Thomson Reuters Foundation
Africa will be able to grow enough cereals to feed its growing population by 2050, but only if it breaks a culture of complacency and starts now to invest more in agriculture, scientists said on Monday.
Sub-Saharan Africa currently imports about 20 percent of its cereal needs, and this could rise to at least 50 percent by 2050, researchers said in a report published on Monday in the Proceedings of the National Academy of Sciences.
One way to meet growing demand is to expand the land area to grow crops, but this would mean cutting down forests or encroaching on protected nature reserves, leading to loss of biodiversity and increased greenhouse gas emissions, they said.
However, it is possible for the continent to feed a population expected to grow 2.5 times by 2050 by producing more food on the land already being planted, the report said.
This would need investment to boost crop yields, an increase the number of crops grown on the same plot of land, and an expansion of irrigation, they said.
“It’s achievable, but we have to break the complacency that we can continue with business as usual … (and) still feed ourselves,” said Kindie Tesfaye, co-author of the report and a scientist with the International Maize and Wheat Improvement Center in Addis Ababa.
“In many countries agriculture gets the lowest financial support in terms of GDP,” he told the Thomson Reuters Foundation by phone.
Complacency among donors is also a problem, he said. After international food prices soared in 2008, both donors and African governments invested more in agriculture, but investments fell once the prices levelled off, he said.
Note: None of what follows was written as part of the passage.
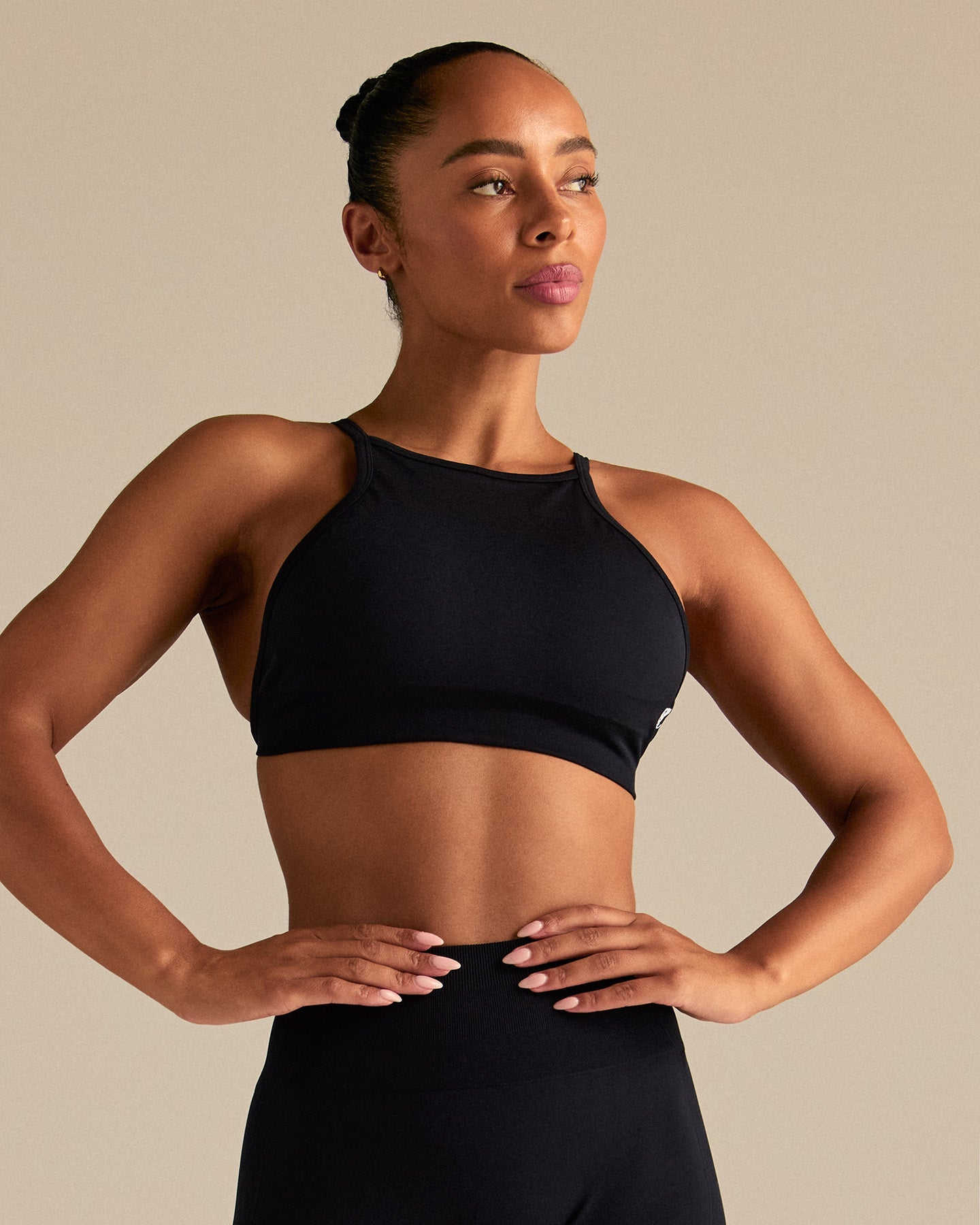 Define 2.0 Seamless High Neck Backless Bra | Black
“African countries need to look at what is coming in the next 50 or 60 years, in terms of feeding their population. That has to be planned ahead of time,” Tesfaye said.
The researchers looked at ten countries which together represent 54 percent of the total population of sub-Saharan Africa and 58 percent of its arable land.
They found that cereal yields in most countries surveyed are growing slower than population and demand, while the area planted has increased 14 percent in the last 10 years.
They also found that closing the gap between current yields per crop and potential yields – which in Africa is very wide – is not enough alone to feed Africa’s growing population.
“We were surprised, because the assumption is that … if Africa could close that gap, then it could feed itself and even be a bread basket for the rest of the world,” he said.
More than half of global population growth between now and 2050 is projected to occur in Africa, according to U.N. data.
“If intensification is not successful and massive cropland expansion is to be avoided, sub-Saharan Africa will become ever more dependent on imports of cereals than it is today,” Tesfaye said.